• DATASET RECORDS:
• • • •

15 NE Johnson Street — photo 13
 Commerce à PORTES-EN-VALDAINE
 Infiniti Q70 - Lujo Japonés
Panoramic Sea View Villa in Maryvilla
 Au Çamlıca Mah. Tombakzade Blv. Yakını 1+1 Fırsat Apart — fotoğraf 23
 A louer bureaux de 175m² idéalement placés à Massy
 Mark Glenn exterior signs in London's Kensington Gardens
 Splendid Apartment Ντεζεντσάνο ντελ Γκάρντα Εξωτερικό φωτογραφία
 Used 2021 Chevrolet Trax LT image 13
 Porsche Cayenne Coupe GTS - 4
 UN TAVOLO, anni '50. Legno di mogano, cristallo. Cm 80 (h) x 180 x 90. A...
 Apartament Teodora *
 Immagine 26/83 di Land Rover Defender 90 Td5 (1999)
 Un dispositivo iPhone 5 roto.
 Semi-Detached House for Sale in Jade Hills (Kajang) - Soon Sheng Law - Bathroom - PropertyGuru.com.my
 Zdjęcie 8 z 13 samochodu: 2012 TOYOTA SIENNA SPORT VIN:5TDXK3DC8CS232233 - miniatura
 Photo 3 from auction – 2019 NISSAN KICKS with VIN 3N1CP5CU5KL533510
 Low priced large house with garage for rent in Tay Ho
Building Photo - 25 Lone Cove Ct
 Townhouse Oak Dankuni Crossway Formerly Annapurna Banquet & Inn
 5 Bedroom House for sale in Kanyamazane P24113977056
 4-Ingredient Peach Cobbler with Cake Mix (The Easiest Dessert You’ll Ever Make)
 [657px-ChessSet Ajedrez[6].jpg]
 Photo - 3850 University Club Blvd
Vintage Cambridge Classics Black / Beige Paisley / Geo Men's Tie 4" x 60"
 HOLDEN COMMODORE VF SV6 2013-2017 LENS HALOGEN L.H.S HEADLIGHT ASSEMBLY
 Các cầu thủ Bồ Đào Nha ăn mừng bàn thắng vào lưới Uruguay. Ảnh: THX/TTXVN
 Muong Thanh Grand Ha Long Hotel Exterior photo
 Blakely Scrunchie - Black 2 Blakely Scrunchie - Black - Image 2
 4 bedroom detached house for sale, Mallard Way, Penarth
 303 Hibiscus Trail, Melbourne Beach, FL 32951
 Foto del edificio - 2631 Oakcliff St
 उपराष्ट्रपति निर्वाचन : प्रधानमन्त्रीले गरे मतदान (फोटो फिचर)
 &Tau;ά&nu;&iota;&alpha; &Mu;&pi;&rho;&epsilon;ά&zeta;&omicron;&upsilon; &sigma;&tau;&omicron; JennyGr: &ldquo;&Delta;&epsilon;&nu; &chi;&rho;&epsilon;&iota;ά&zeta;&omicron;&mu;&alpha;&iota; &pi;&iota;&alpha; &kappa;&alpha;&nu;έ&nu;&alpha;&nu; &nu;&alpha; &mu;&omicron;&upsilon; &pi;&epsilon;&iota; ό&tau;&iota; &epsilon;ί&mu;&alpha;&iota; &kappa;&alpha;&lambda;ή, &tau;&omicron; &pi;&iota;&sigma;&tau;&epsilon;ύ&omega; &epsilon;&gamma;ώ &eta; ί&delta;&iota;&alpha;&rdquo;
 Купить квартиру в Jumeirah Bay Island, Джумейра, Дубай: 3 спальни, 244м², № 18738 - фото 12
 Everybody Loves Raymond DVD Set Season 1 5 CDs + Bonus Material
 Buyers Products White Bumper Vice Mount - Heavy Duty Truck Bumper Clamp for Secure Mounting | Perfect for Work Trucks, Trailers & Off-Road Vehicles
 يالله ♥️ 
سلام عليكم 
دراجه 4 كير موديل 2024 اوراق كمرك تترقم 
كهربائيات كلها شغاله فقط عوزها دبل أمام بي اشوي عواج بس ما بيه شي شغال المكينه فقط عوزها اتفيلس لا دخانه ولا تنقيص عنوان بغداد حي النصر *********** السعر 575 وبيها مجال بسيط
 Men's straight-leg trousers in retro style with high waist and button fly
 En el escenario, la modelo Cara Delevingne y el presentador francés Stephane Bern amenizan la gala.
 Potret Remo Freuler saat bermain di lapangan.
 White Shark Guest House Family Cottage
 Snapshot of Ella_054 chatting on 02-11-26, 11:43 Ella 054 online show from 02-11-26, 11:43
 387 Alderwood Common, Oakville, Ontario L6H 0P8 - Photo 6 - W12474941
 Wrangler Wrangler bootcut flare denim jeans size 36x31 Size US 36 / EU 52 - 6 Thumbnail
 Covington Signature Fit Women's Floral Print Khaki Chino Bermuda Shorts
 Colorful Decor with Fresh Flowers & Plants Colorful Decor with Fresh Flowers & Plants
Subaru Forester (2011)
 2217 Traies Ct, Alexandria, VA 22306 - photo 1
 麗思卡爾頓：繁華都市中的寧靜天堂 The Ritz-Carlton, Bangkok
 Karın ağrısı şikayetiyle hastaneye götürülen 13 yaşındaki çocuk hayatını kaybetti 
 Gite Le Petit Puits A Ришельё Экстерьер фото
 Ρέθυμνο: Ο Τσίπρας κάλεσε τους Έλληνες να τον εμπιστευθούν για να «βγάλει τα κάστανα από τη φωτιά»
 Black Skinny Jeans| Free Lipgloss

• • • •

From the records above, quote only the lines running from the line with "Panoramic Sea View Villa in Maryvilla" to the line with "Un dispositivo iPhone 5 roto.", both lines included.

Panoramic Sea View Villa in Maryvilla
 Au Çamlıca Mah. Tombakzade Blv. Yakını 1+1 Fırsat Apart — fotoğraf 23
 A louer bureaux de 175m² idéalement placés à Massy
 Mark Glenn exterior signs in London's Kensington Gardens
 Splendid Apartment Ντεζεντσάνο ντελ Γκάρντα Εξωτερικό φωτογραφία
 Used 2021 Chevrolet Trax LT image 13
 Porsche Cayenne Coupe GTS - 4
 UN TAVOLO, anni '50. Legno di mogano, cristallo. Cm 80 (h) x 180 x 90. A...
 Apartament Teodora *
 Immagine 26/83 di Land Rover Defender 90 Td5 (1999)
 Un dispositivo iPhone 5 roto.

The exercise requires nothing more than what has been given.